[Records drawn from a dataset]
>>>>

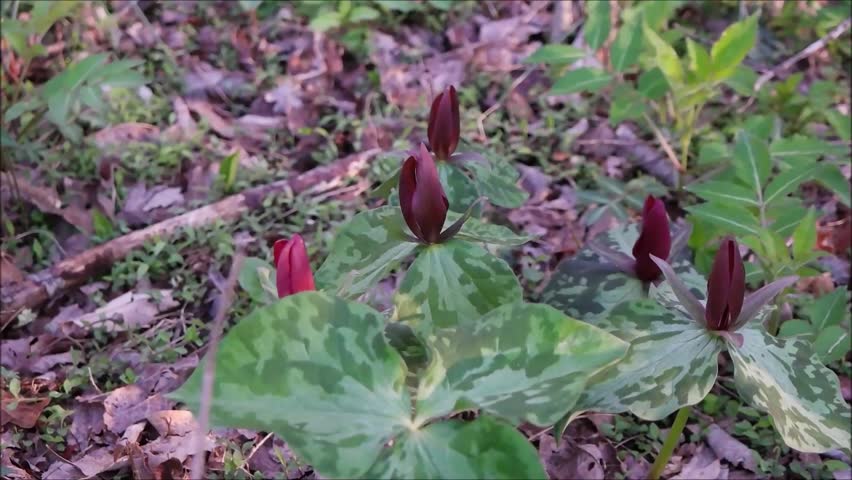Header of purple trillium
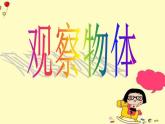 西師大版二年級(jí)數(shù)學(xué)上冊(cè)課件 4 觀察物體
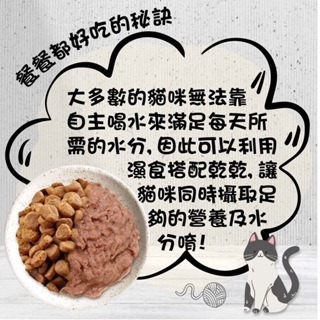 【威哥寵物】vosto 鮮肉補鐵罐 大容量170g 深海罐 貓罐頭 副食罐 補水罐 貓餐盒 貓食 鮪魚罐 貓零食-細節圖2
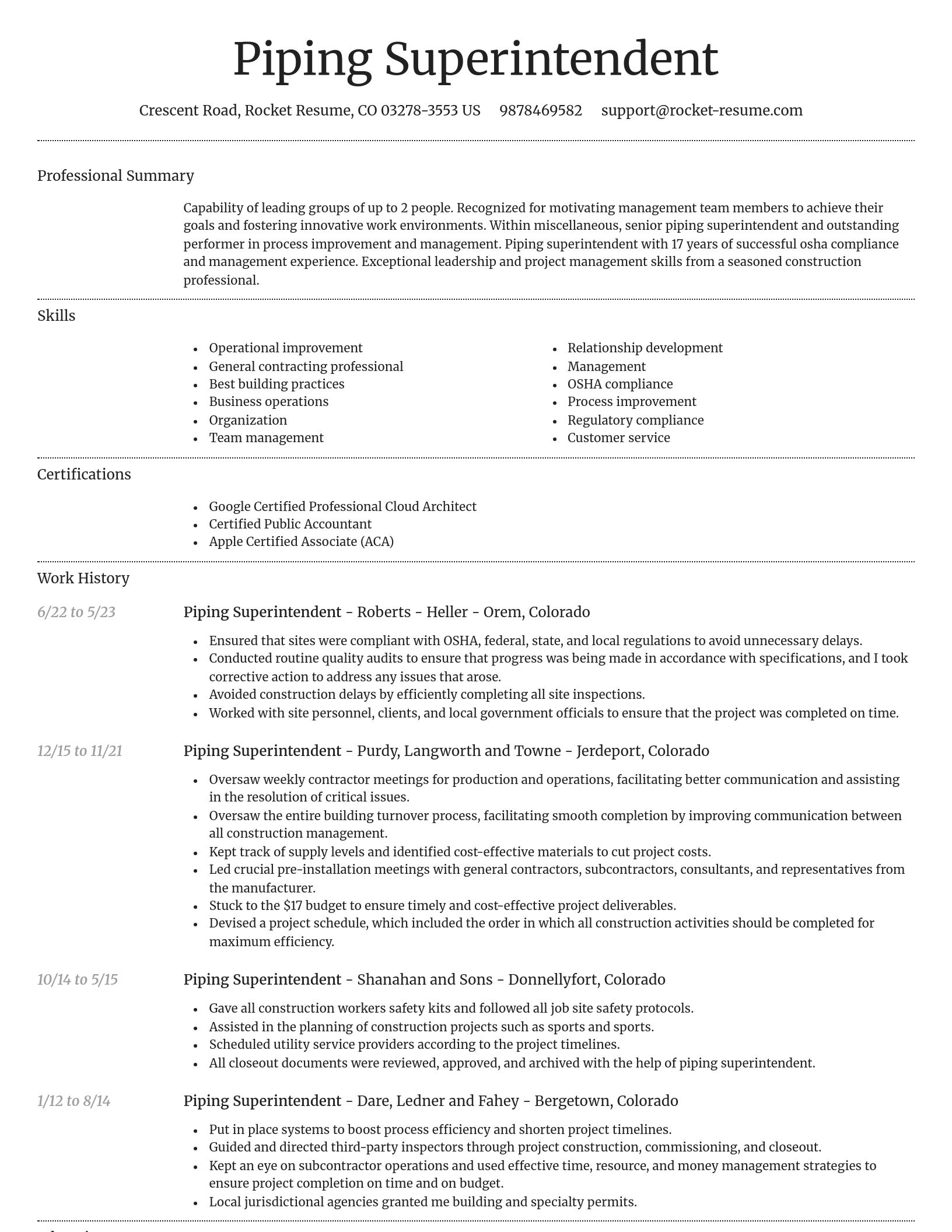 Dignified resume template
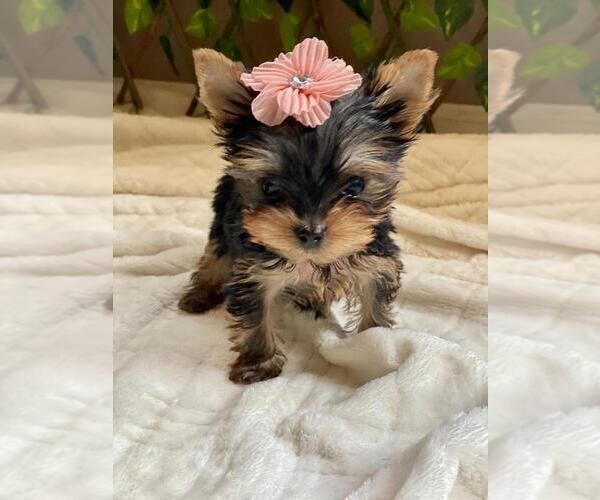 Medium Photo #10 Yorkshire Terrier Puppy For Sale in PALO ALTO, CA, USA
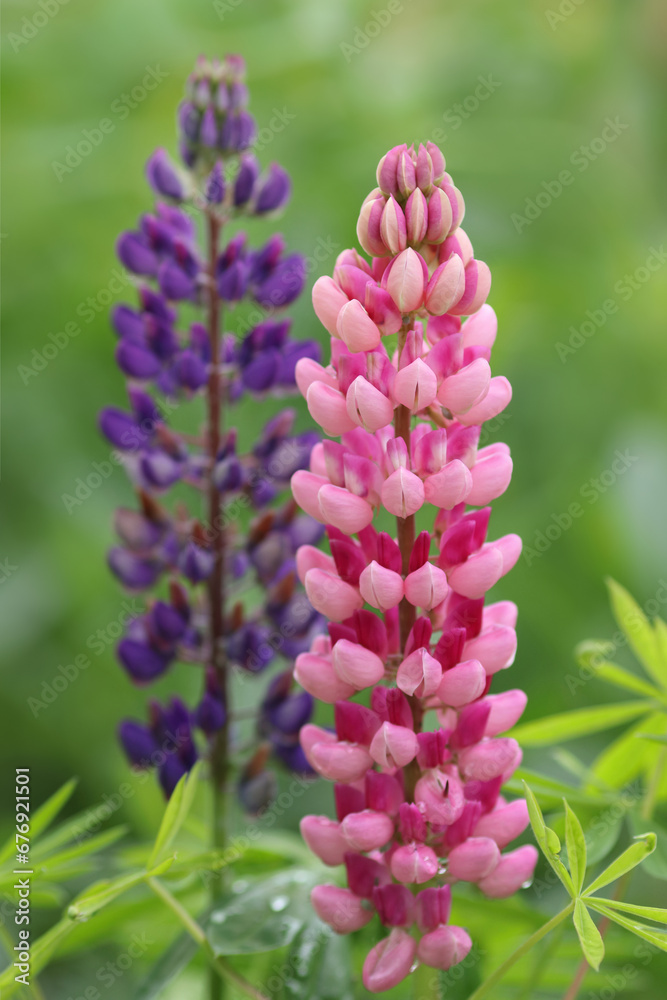 Blue and pink Lupin flowers blooms in the field. Bunch of lupines summer flower background. Violet spring and summer flower. Lupine a green background. Lupinus. Fabaceae Family. Blooming lupine Blue and pink Lupin flowers blooms in the field. Bunch of lupines summer flower background. Violet spring and summer flower. Lupine a green background. Lupinus. Fabaceae Family. Blooming lupine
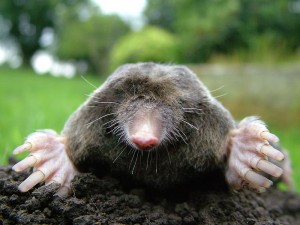Let's see, you use moles for warts.  And warts for moles?  (Michael David Hill, Wikipedia Commons)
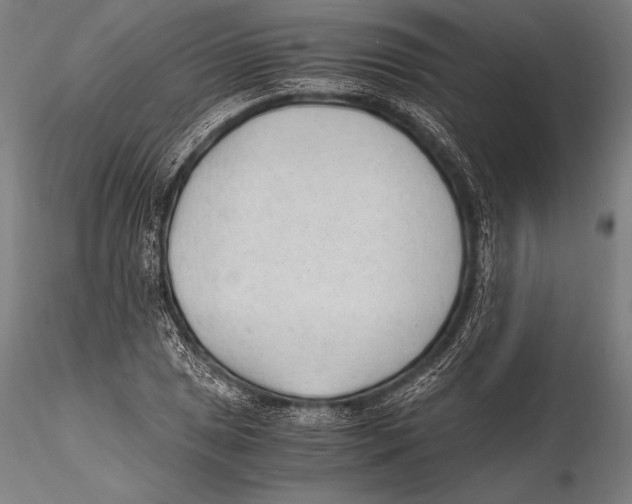 X0000115481025200912040947
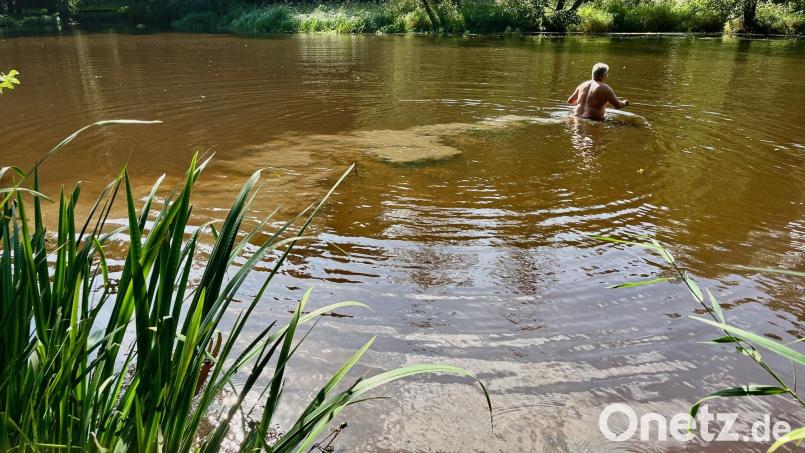 Peter Augustin kennt die Pfreimd nach eigener Aussage in- und auswendig. An der Thonmüle ist er jahrelang schwimmen gegangen. Jetzt watet er hier bis zum Becken durch Schlamm. Bild: Gabi Schönberger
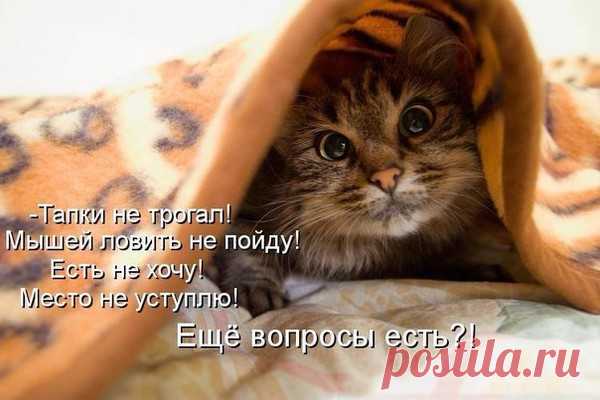 С ДОБРЫМ УТРОМ!!!! - ОБЩЕНИЕ И ВСЕ САМОЕ ИНТЕРЕСНОЕ. - Группы Мой Мир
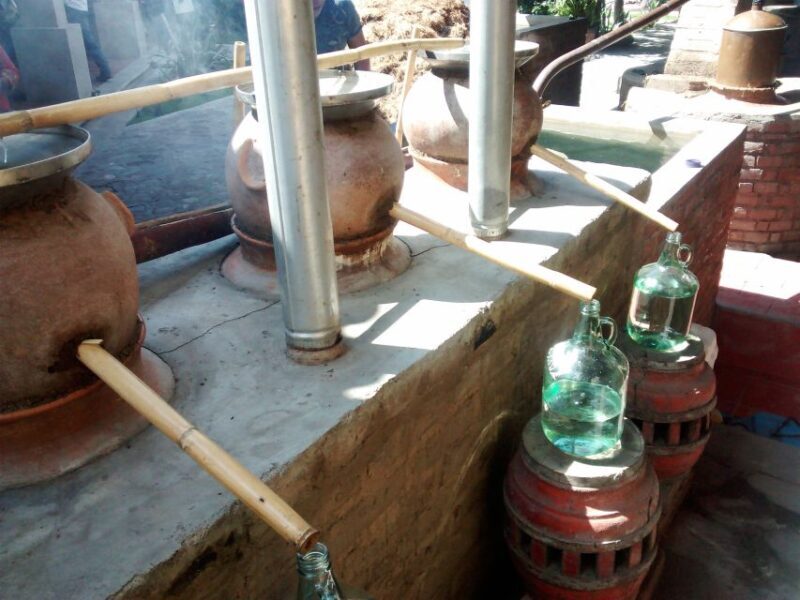 Oaxaca: Mezcal Adventure - FAQs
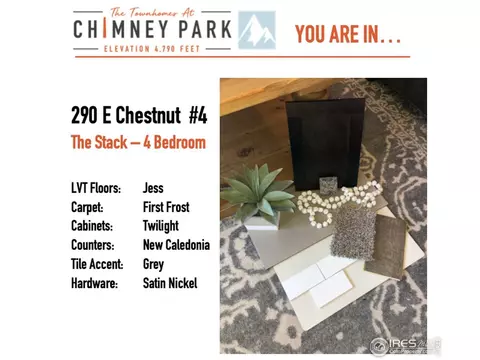 290 E Chestnut St #4, Windsor, CO 80550 photo 3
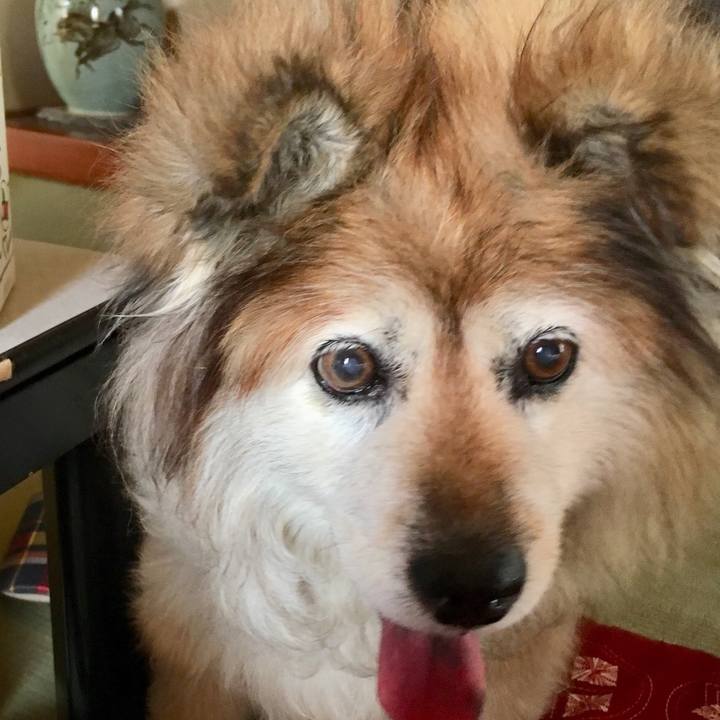 A901b3a0 1a66 440b 9767 31de8566d085 1549960499634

<<<<

**PROBLEM**.
A verbatim copy of every record is to be produced, and pictures are to be excluded from it.

**RESULT OF THE TASK**.
Header of purple trillium
 西師大版二年級(jí)數(shù)學(xué)上冊(cè)課件 4 觀察物體
 【威哥寵物】vosto 鮮肉補鐵罐 大容量170g 深海罐 貓罐頭 副食罐 補水罐 貓餐盒 貓食 鮪魚罐 貓零食-細節圖2
 Dignified resume template
 Medium Photo #10 Yorkshire Terrier Puppy For Sale in PALO ALTO, CA, USA
 Blue and pink Lupin flowers blooms in the field. Bunch of lupines summer flower background. Violet spring and summer flower. Lupine a green background. Lupinus. Fabaceae Family. Blooming lupine Blue and pink Lupin flowers blooms in the field. Bunch of lupines summer flower background. Violet spring and summer flower. Lupine a green background. Lupinus. Fabaceae Family. Blooming lupine
Let's see, you use moles for warts.  And warts for moles?  (Michael David Hill, Wikipedia Commons)
 X0000115481025200912040947
 Peter Augustin kennt die Pfreimd nach eigener Aussage in- und auswendig. An der Thonmüle ist er jahrelang schwimmen gegangen. Jetzt watet er hier bis zum Becken durch Schlamm. Bild: Gabi Schönberger
 С ДОБРЫМ УТРОМ!!!! - ОБЩЕНИЕ И ВСЕ САМОЕ ИНТЕРЕСНОЕ. - Группы Мой Мир
 Oaxaca: Mezcal Adventure - FAQs
 290 E Chestnut St #4, Windsor, CO 80550 photo 3
 A901b3a0 1a66 440b 9767 31de8566d085 1549960499634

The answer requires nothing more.